Saturday, April 10, 2010

college station and british synonymy

Dawn comes in bright over College Station. It still looks vaguely like I imagined Ulan Bator to look (but I googled Ulan Bator, and it turns out to be huge, and have mountains in the background, and Chinese temples, and yurts on the outskirts. I haven't seen any yurts here). It's been an excellently stimulating day, from a panel on the digital humanities this morning through to Felicity Nussbaum's talk on Hester Thrale Piozzi this evening - someone about whom I've never really thought about, but whom I can very readily see can be obsessively interesting.

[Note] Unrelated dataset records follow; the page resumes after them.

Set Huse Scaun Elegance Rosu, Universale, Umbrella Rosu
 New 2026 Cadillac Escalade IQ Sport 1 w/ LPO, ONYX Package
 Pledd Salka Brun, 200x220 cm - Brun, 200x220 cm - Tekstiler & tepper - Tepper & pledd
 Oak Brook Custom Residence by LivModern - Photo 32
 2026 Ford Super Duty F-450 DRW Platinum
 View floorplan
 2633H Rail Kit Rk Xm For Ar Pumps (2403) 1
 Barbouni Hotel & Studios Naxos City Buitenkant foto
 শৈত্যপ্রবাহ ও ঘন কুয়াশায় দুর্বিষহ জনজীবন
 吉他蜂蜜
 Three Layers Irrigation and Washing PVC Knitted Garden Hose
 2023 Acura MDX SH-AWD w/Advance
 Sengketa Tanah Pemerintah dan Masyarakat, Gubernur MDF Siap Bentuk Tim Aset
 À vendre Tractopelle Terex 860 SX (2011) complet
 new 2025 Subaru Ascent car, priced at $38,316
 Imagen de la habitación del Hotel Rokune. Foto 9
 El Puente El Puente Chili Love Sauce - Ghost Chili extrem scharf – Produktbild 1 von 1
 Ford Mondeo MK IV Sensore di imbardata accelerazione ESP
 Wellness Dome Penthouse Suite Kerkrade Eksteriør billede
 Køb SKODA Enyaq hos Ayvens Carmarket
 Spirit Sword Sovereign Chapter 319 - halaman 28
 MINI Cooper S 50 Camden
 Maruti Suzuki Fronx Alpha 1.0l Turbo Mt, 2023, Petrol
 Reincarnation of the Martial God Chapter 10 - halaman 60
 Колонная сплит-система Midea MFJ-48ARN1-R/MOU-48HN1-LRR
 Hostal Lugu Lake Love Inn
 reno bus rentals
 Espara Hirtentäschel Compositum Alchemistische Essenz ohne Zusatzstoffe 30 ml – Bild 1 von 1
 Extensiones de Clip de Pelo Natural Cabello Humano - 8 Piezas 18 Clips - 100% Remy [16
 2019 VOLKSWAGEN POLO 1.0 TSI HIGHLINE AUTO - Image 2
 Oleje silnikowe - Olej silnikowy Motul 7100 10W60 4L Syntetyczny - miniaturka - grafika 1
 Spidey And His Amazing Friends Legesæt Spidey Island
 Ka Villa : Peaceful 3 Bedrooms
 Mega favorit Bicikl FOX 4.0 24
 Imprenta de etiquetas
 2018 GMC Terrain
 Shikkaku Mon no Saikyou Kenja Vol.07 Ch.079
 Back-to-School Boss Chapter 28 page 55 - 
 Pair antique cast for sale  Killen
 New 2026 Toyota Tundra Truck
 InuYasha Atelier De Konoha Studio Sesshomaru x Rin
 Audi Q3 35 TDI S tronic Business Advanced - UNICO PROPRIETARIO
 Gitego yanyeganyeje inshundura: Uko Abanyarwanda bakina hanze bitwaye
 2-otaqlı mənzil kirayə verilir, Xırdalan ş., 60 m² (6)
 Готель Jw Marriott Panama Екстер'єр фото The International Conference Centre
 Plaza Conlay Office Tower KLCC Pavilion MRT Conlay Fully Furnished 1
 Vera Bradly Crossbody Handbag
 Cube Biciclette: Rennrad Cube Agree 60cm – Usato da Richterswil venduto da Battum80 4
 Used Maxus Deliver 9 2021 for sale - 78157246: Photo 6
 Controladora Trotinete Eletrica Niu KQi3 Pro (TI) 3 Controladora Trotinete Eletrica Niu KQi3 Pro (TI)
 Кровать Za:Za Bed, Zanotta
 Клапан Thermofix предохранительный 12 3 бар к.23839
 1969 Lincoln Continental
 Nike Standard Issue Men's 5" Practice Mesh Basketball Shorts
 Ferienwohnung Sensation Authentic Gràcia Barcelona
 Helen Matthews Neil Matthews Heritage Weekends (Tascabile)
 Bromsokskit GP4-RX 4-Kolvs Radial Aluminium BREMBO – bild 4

So I've found myself ACTIVE, ASSIDUOUS, SEDULOUS, DILIGENT and INDUSTRIOUS in reading up about her this evening post dinner - and became hooked on her British Synonymy, which is a completely wonderful discursive prototype of a Thesaurus - one never knows if she's going to make reference to a classical text or to Italian customs or to large sized sheep in Leicestershire - it's as though her mind grabs at the first source that comes to mind, and this in itself suggests what fun she must have been as a conversationalist. She differentiates between near-synonyms through building up sentences with examples that show the varied occasions on which one might, indeed, use the words, making quite fine discriminations - sometimes with the effect of writing a whole imaginary plot: "...a man FORSAKES his mistress, ABANDONS all hope of regaining her lost esteem; RELINQUISHES his pretensions in favour of another; GIVES UP a place of trust he held under the government, DESERTS his party, LEAVES his parents in affliction, and QUITS the kingdom forever." What a rat.

Tomorrow, I may turn Hester into a cube. But that's another subject, and I'm still working on that.